The brutal death of Amy Dye: Kentucky social workers ignored months of abuse ...
It seemed like a storybook ending to a troubled life: 5-year-old Amy Dye, removed from her Washington home two years earlier and shuffled among relatives and foster care, had a chance for adoption by a relative in Kentucky.
Her great-aunt, Kimberly Dye, asked to take Amy into her Todd County home, saying she had always wanted a daughter and that her greatest pleasure was to "bask in the joy of motherhood."
Her two sons, Kimberly Dye said, were excited about having a younger sister and had agreed to share a bedroom to give Amy her own room.

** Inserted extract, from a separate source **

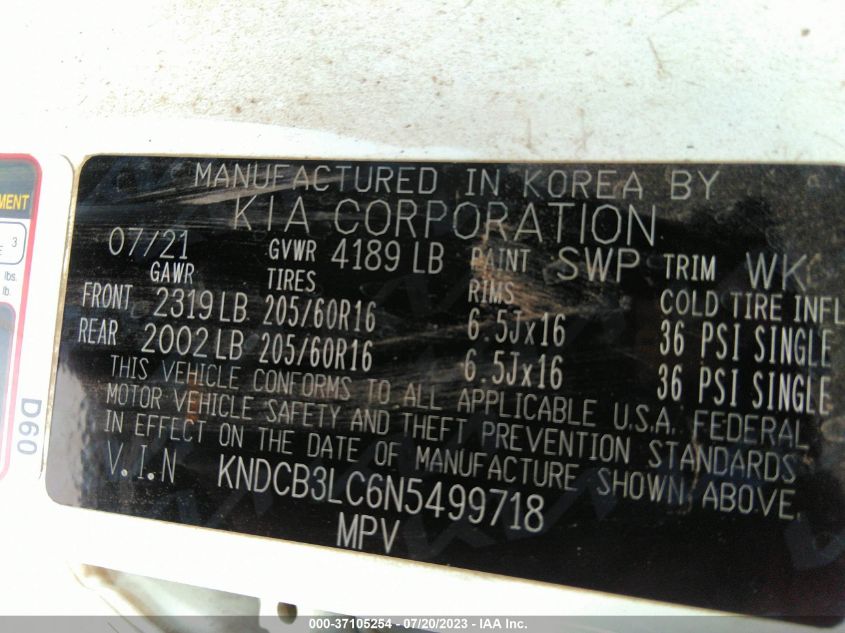 2022 KIA NIRO LX/LXS/LXS SE - KNDCB3LC6N5499718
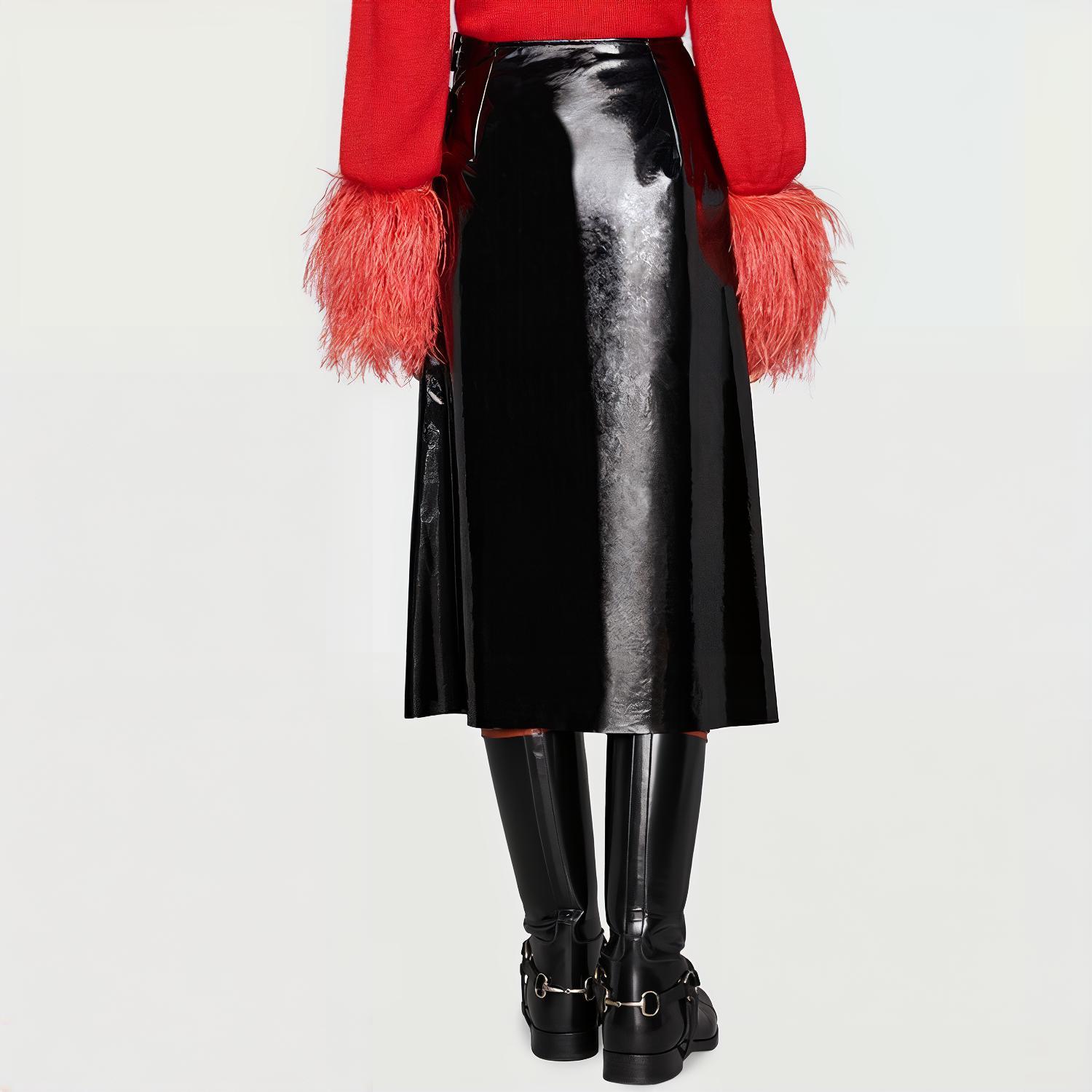 Женская юбка Gucci A-Line Midi (черная) — фото 6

"We're so happy you are going to be a part of our family," Dye and her sons, Myles and Garrett, said in a 2006 letter to Amy.
That image was shattered earlier this year when 17-year-old Garrett killed Amy, a slender 9-year-old with caramel skin and bright blue eyes, beating her to death with a jack handle. Garrett, now 18, is awaiting sentencing Wednesday for murder.
And state child-protection records, released last week by a judge, reveal a darker side to life in the adoptive home — one of abuse and neglect allegations that Kentucky social service officials ignored or dismissed as unfounded, despite repeated reports from school officials worried about Amy.
Rep. John Tilley, chairman of the House Judiciary Committee, said Amy's death has shaken his Western Kentucky region. Concerned about the secrecy of the child-welfare system and the seeming lack of accountability, he said he is considering having his committee look into the matter when the General Assembly convenes in January.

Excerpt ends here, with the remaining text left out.